Google Search Appliance

Office of Information Technology

Diagnosing Index Problems

You should periodically check your Crawl Diagnostics (in the Status and Reports section) for "runaway" crawling on your servers. The Search Appliance will crawl indefinitely on a Web site if it allows for deep-recursive linking. A problematic URL will have the same directories repeated in sequence.
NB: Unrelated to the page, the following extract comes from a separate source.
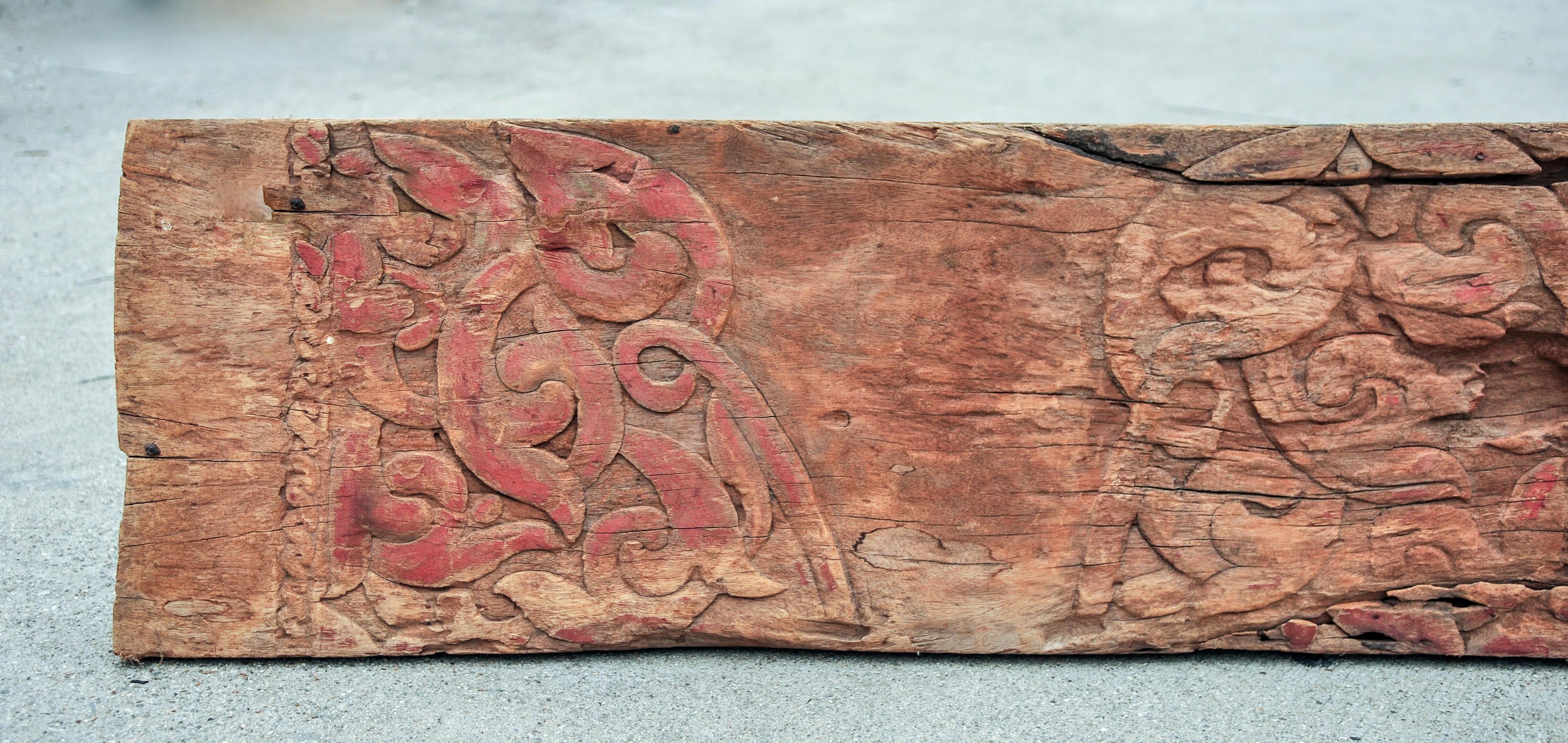 18 foot carved architectural beam. Dayak, Borneo Longhouse, mid-20th century.
This beam, taken from a Dayak Longhouse, comprises a single piece of wood and incorporates typical Dayak carved floral design elements, punctuated by remnants of original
The Search Appliance thinks it is descending into subdirectories and discovering new pages to crawl, when actually the same pages are being served at each level.

  1. In the Crawl Diagnostics for your collection, click the Crawled URLs column header to put the servers with the highest number of crawled documents at the top of the list.
  2. Look for an unusually high number of crawled URLs, and then follow the link for the corresponding host name.
  3. Proceed in this manner, looking for directories on the host (server) with the highest successful crawl counts and following the links for those directories. Look for the last page or directory to have the most outstanding crawl count (usually on the order of 100,000 or 1,000,000) as you descend the directory hierarchy.
  4. Follow the link in the File column for a page in this directory to view its crawl diagnostics.
  5. Follow the link to view a list of crawled pages linking to that page. This process will usually give you an indication of which pages are linking improperly to neighboring pages.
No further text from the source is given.